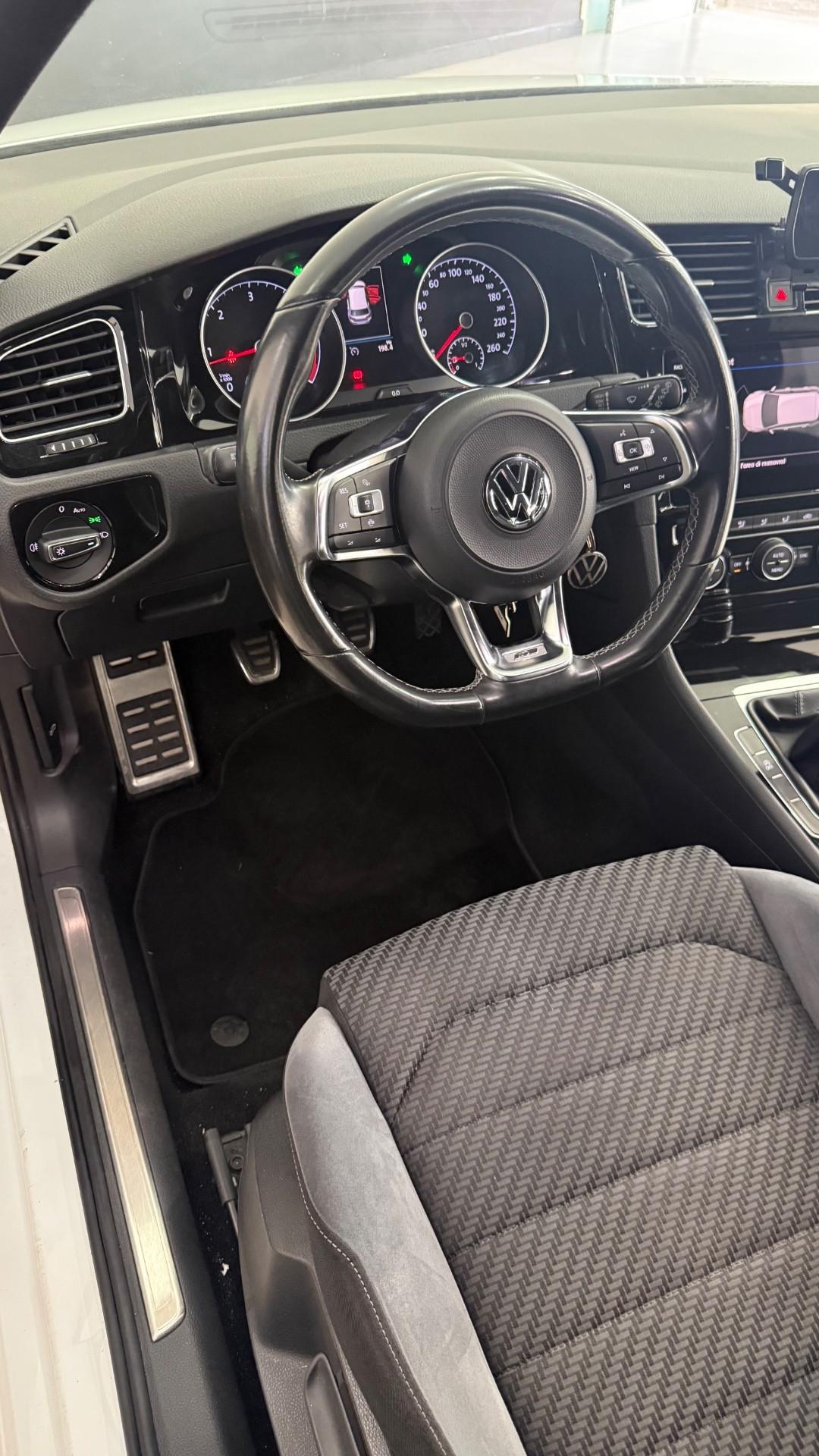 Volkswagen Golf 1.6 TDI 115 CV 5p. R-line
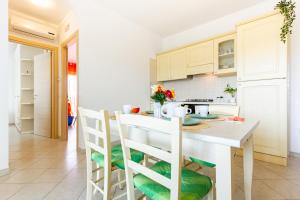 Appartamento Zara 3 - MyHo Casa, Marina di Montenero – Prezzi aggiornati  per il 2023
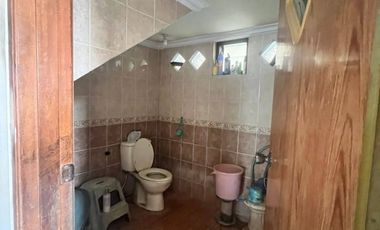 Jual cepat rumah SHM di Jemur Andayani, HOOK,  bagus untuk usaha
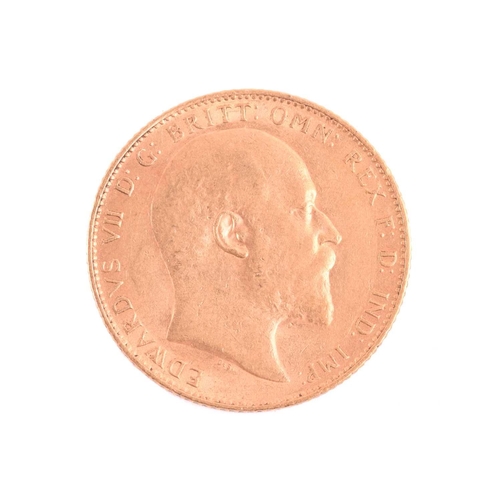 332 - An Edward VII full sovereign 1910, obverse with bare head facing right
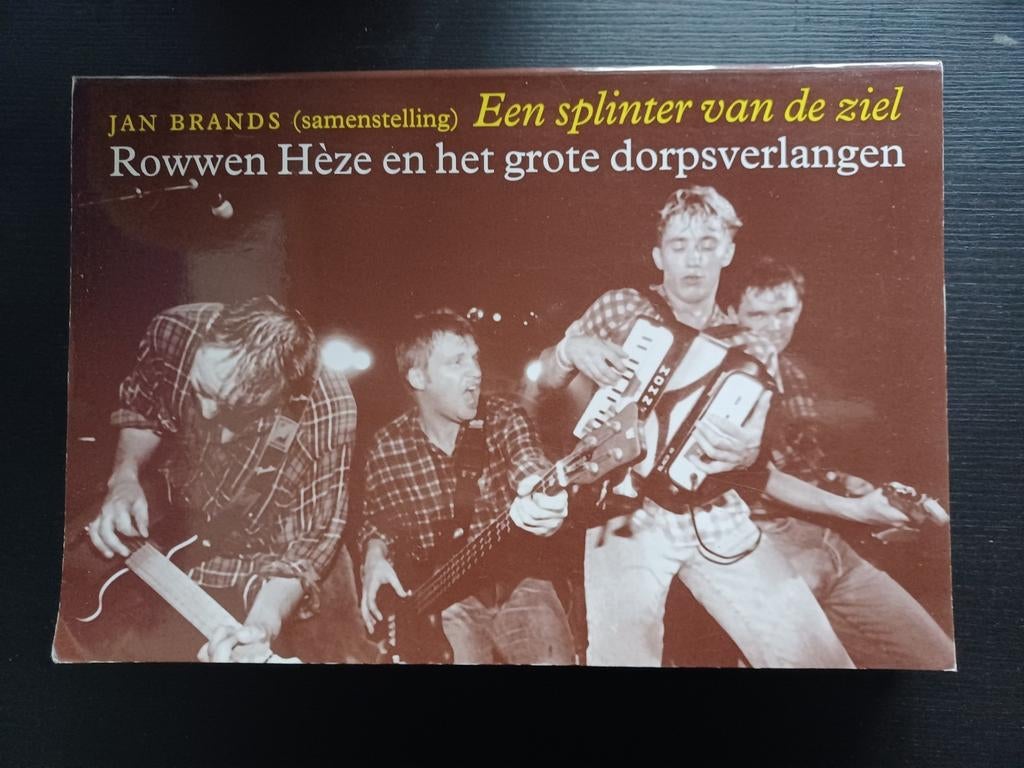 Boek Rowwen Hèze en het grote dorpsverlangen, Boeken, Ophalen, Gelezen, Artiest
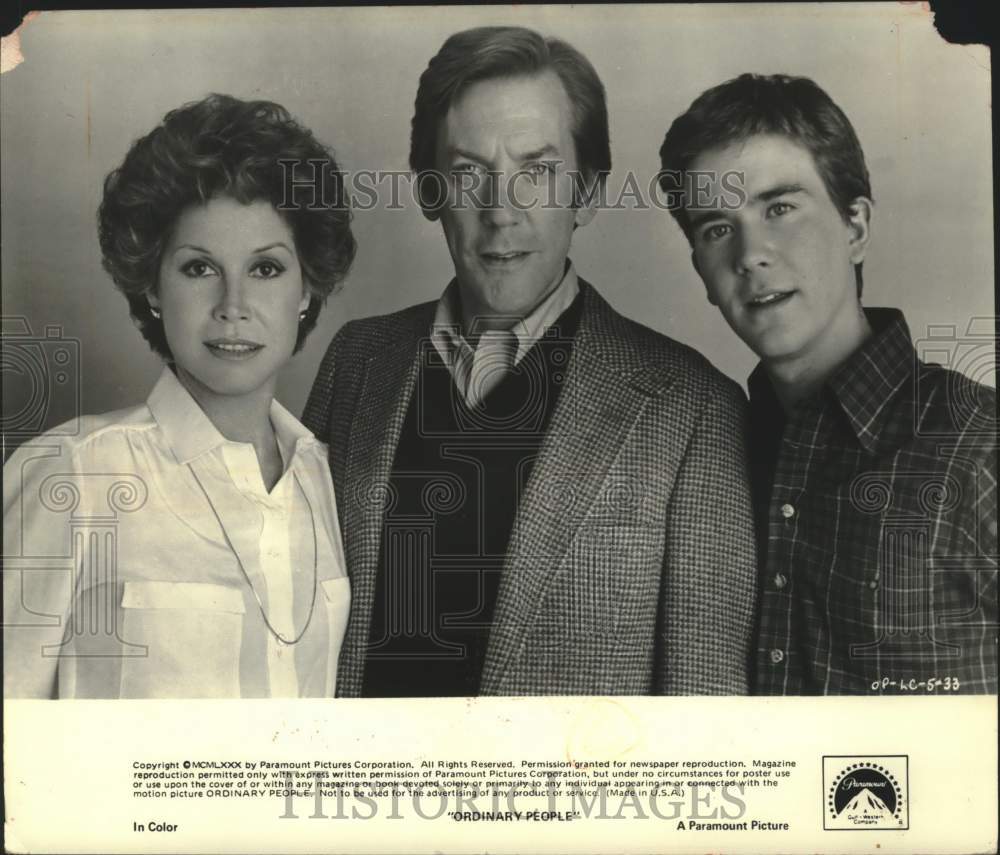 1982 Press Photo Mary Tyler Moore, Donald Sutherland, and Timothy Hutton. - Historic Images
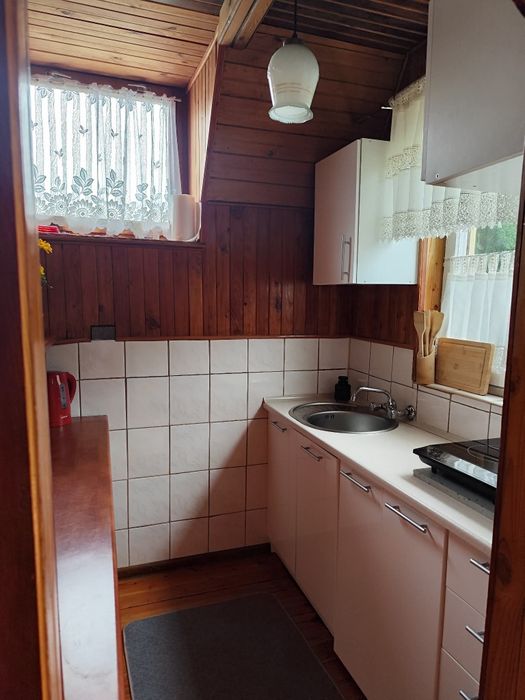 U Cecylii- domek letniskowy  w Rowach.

==

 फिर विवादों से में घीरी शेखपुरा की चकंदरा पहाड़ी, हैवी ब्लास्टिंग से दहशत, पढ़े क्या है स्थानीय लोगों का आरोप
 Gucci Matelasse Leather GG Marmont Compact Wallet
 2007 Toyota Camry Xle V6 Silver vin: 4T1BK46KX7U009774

...

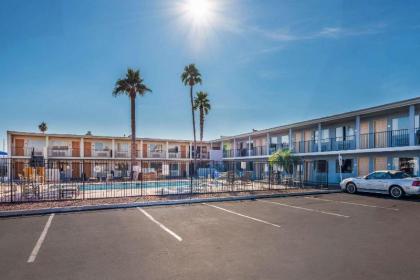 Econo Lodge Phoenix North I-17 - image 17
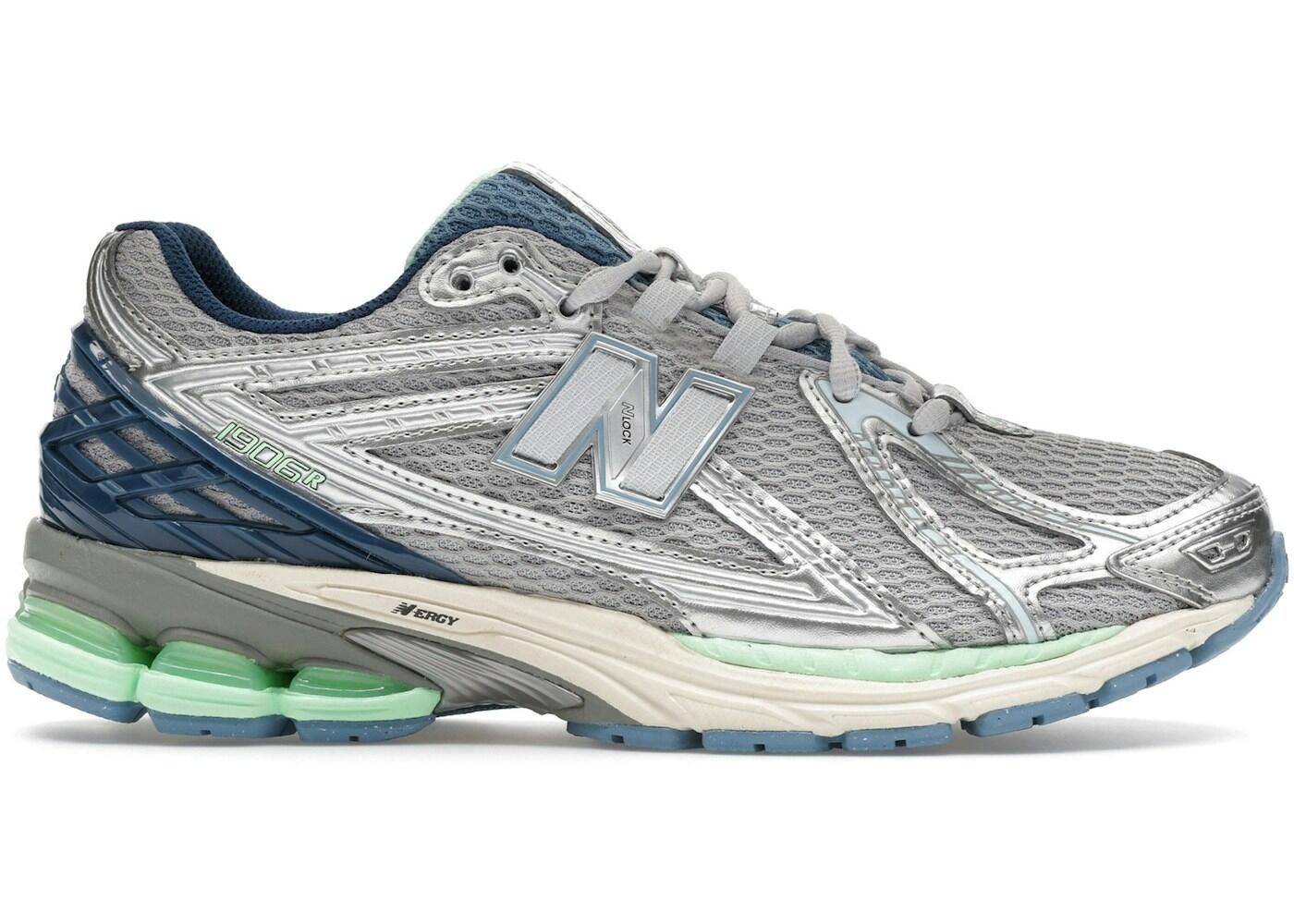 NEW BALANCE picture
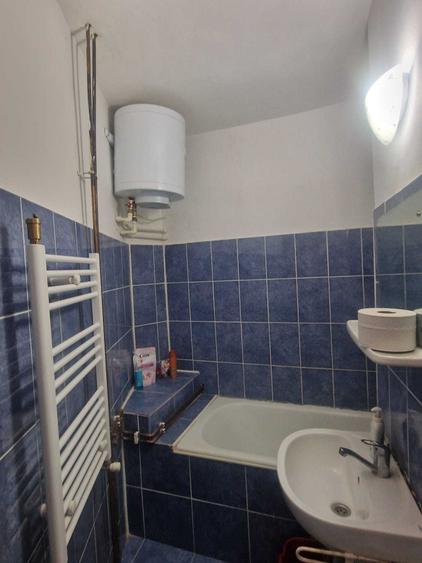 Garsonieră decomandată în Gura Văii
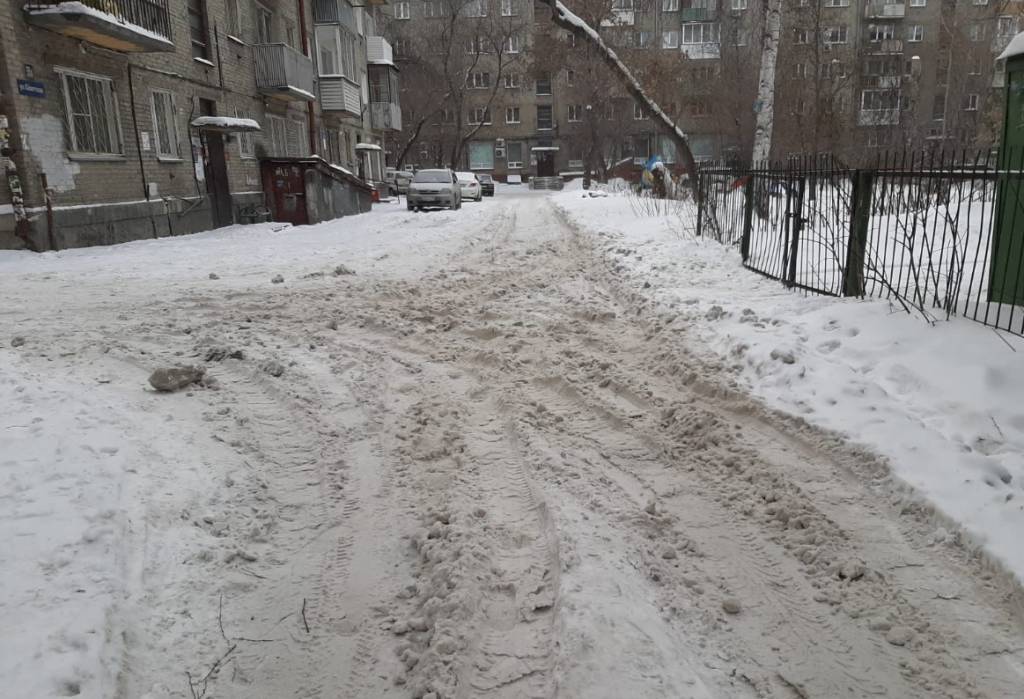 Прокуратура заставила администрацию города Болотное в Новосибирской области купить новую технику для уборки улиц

What you have to do: The lines above starting at the one that holds "332 - An Edward" and ending at the one that holds "1982 Press Photo" are to be written out exactly, ends included, and no pictures are to be copied.

Reply to the exercise:
 332 - An Edward VII full sovereign 1910, obverse with bare head facing right
 Boek Rowwen Hèze en het grote dorpsverlangen, Boeken, Ophalen, Gelezen, Artiest
 1982 Press Photo Mary Tyler Moore, Donald Sutherland, and Timothy Hutton. - Historic Images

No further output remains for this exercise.